_WHAT TO DO_
Take the lines below beginning at the line that has "Uncle Apple Rapper" and stopping after the line that has "Firefighter Family Stickers", and print them exactly as they are, with no other lines.

*** Opening of RECORDS SUPPLIED ***

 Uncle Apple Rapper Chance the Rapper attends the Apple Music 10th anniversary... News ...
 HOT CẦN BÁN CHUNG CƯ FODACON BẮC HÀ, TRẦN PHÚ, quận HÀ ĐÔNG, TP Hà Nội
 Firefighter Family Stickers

*** Close of RECORDS SUPPLIED ***
*** Opening of RECORDS SUPPLIED ***

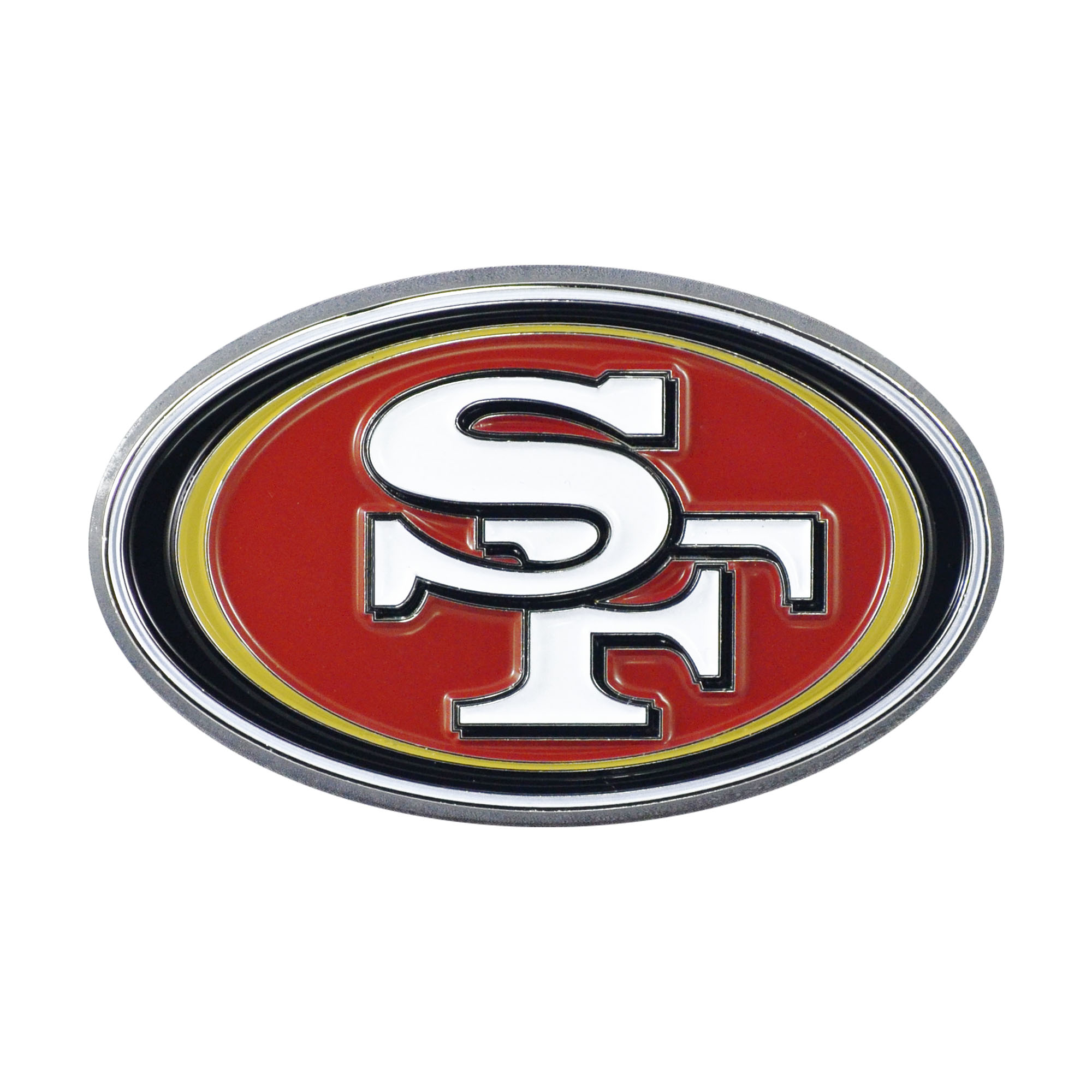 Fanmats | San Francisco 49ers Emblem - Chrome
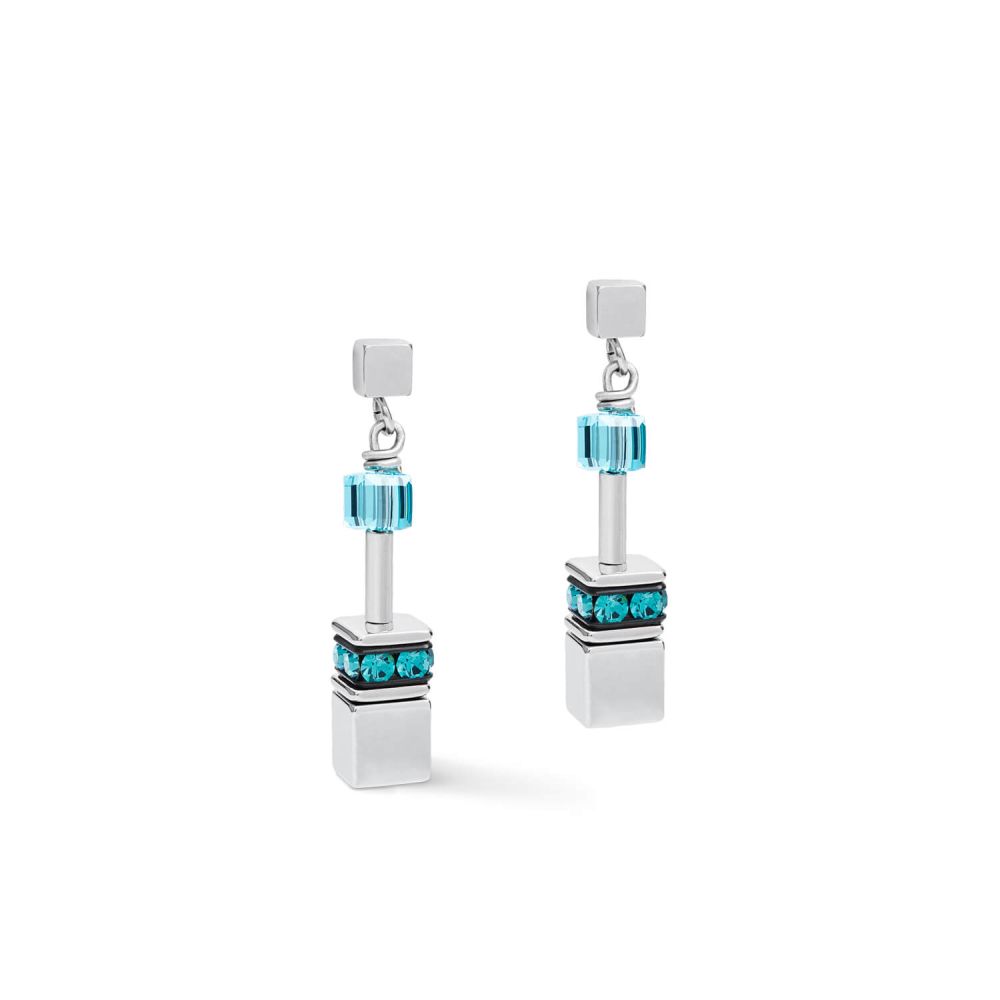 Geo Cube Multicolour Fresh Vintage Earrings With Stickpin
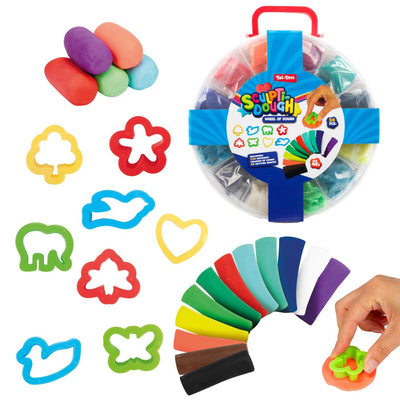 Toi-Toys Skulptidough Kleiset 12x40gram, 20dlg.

*** Close of RECORDS SUPPLIED ***
*** Opening of RECORDS SUPPLIED ***

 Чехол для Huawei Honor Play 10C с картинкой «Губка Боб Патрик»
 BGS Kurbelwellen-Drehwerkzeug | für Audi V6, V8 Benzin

*** Close of RECORDS SUPPLIED ***

_ANSWER BELOW_
 Uncle Apple Rapper Chance the Rapper attends the Apple Music 10th anniversary... News ...
 HOT CẦN BÁN CHUNG CƯ FODACON BẮC HÀ, TRẦN PHÚ, quận HÀ ĐÔNG, TP Hà Nội
 Firefighter Family Stickers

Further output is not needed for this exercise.